Activity: Without any of the pictures, transcribe all the lines below exactly.

Supplied information:
════

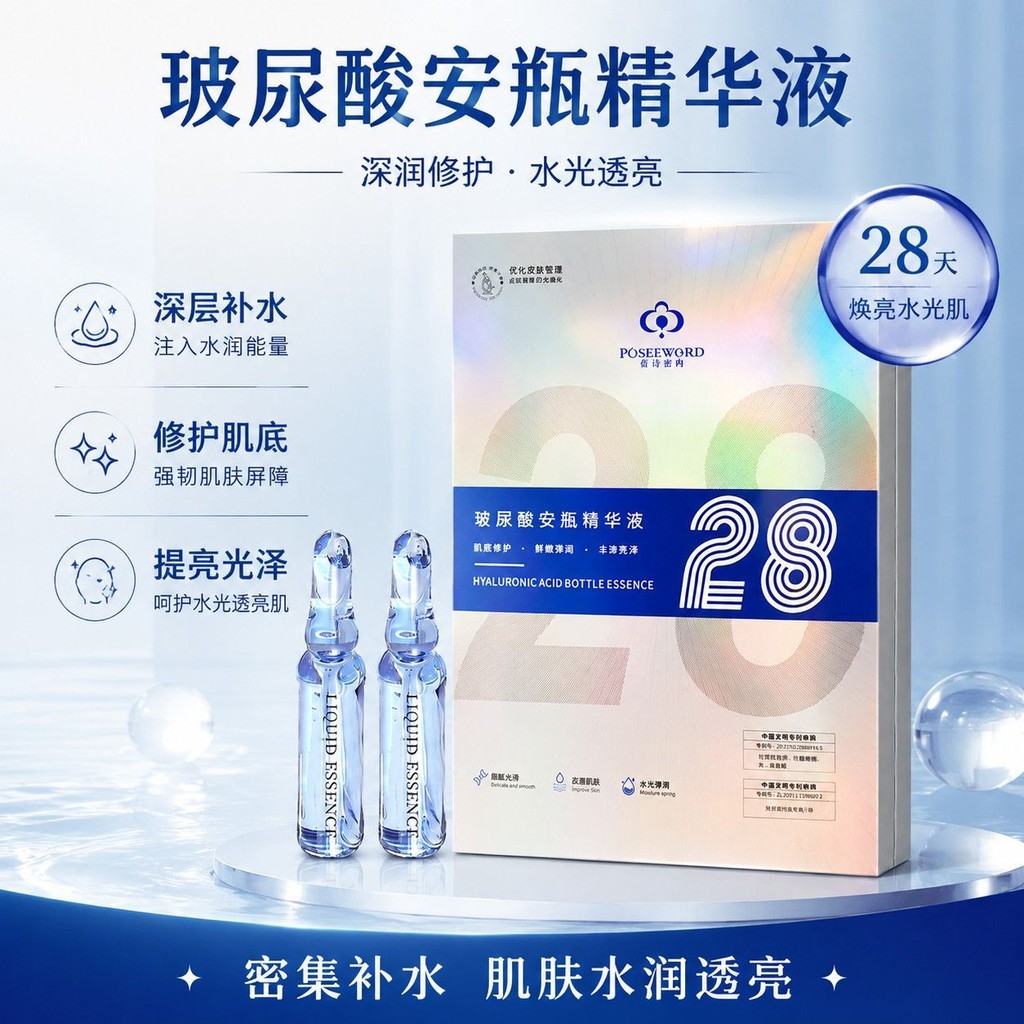 Grab 9.9 Small Molecule Hyaluronic Acid Essence Times Throwing Ampoule Essence ผิวกระจ่างใส Tone Hyd
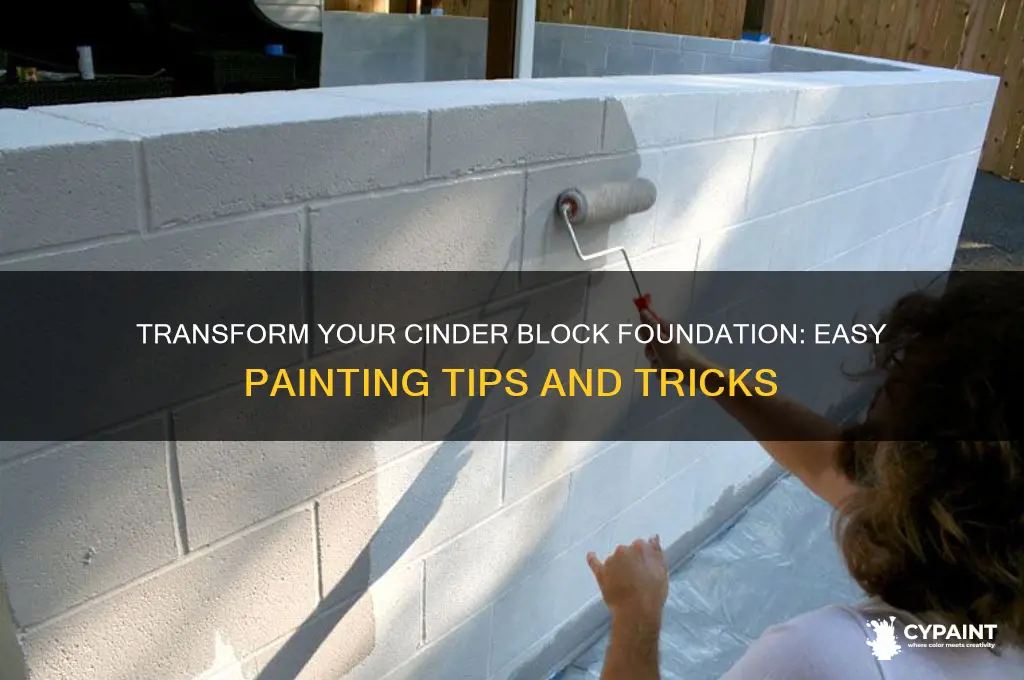 how to paint a cinder block foundation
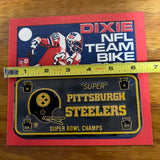 DIXIE NFL PITTSBURGH STEELERS SUPER BOWL NFL CHAMPS BICYCLE PLATE TAGS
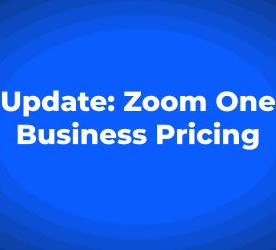 ¡Cambios importantes! los precios de Zoom Workplace Pro se han actualizado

════

Answer for the task:
 Grab 9.9 Small Molecule Hyaluronic Acid Essence Times Throwing Ampoule Essence ผิวกระจ่างใส Tone Hyd
 how to paint a cinder block foundation
 DIXIE NFL PITTSBURGH STEELERS SUPER BOWL NFL CHAMPS BICYCLE PLATE TAGS
 ¡Cambios importantes! los precios de Zoom Workplace Pro se han actualizado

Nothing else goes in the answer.